Work request:
Please return only the lines from the one with "Morimoto XB LED" through the final line of the data, unchanged, with pictures omitted.

==== Data records ====

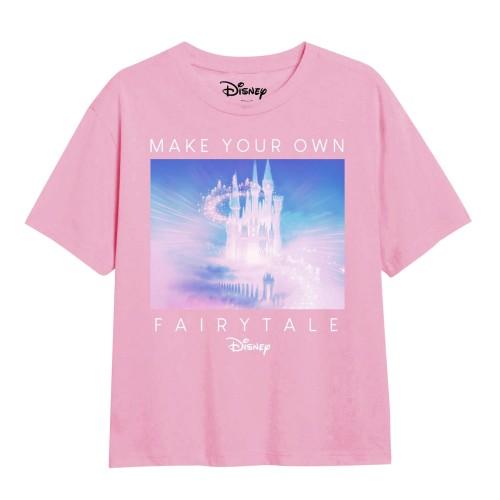 Disney meisjes sprookjes T-shirt 11-12 lichtroze kleur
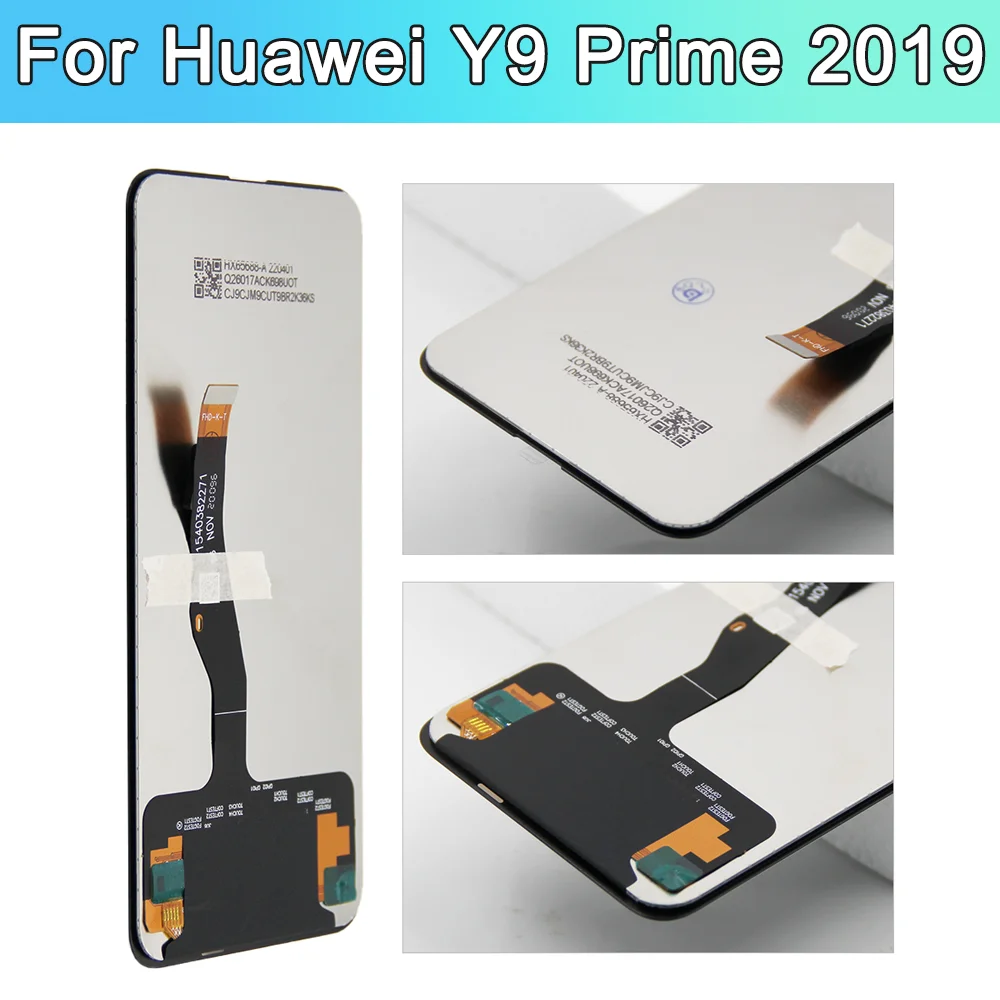 OLED Display For Huawei Y9 Prime 2019 Lcd Touch Screen Digitizer Assembly For huawei P Smart Z STK-LX1 LCD + Frame Replacement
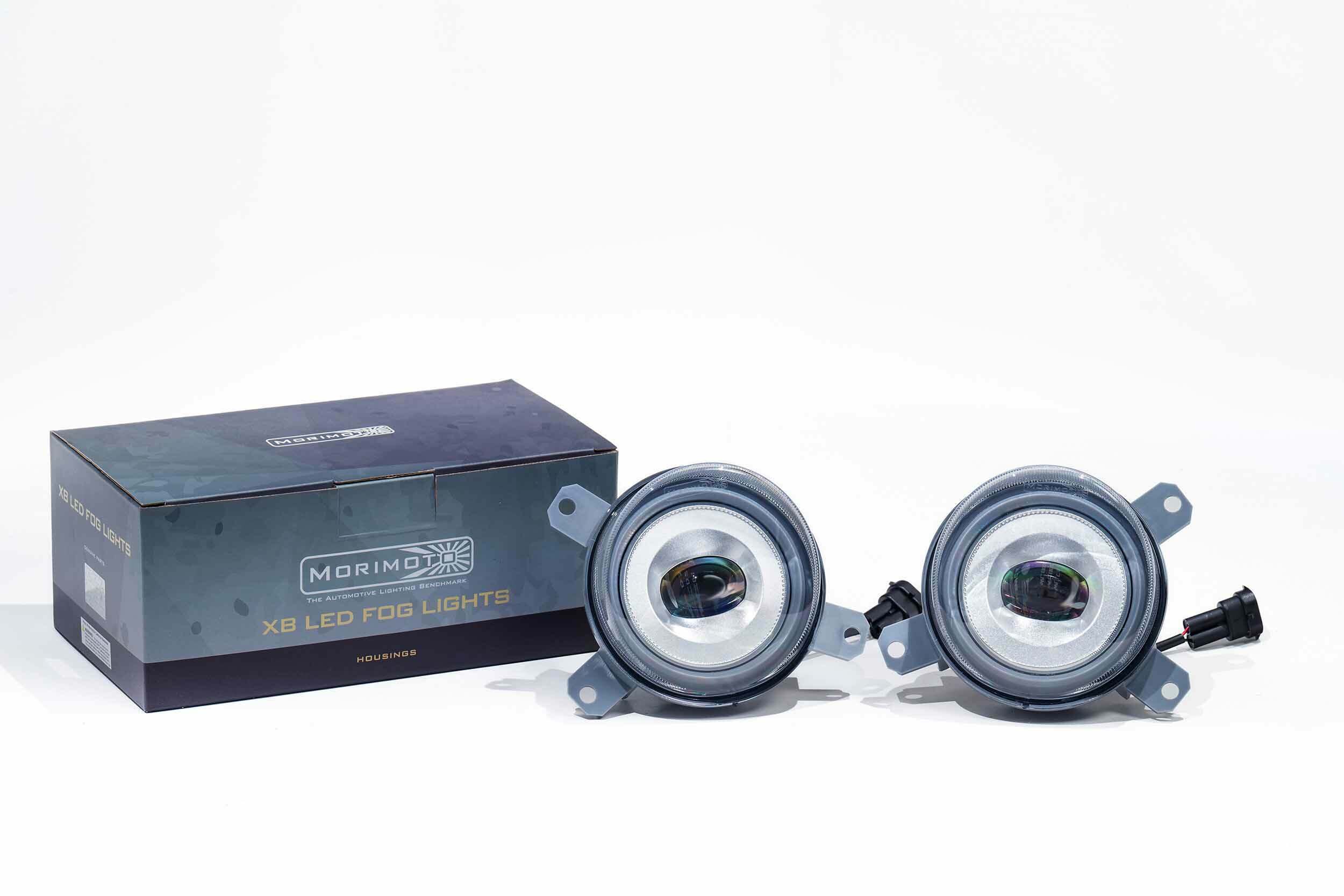 Morimoto XB LED Fogs: Type Ferrari 355 (Pair / Chrome) - LF345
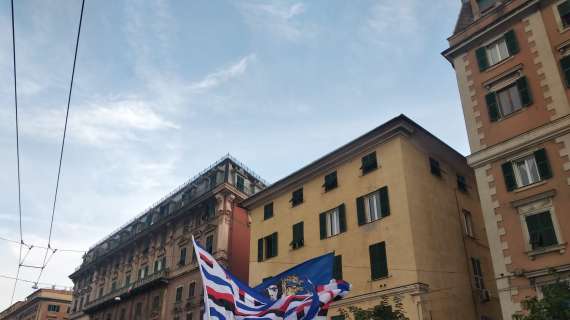 QUI SAMP - Gli Ultras tornano a farsi sentire con uno striscione (FOTO)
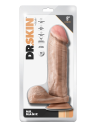 Realistyczne dildo Dr Skin Mr Magic 9 inch z jądrami - Sklep erotyczny Intymnosc24.pl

====

Solution to the exercise:
 Morimoto XB LED Fogs: Type Ferrari 355 (Pair / Chrome) - LF345
 QUI SAMP - Gli Ultras tornano a farsi sentire con uno striscione (FOTO)
 Realistyczne dildo Dr Skin Mr Magic 9 inch z jądrami - Sklep erotyczny Intymnosc24.pl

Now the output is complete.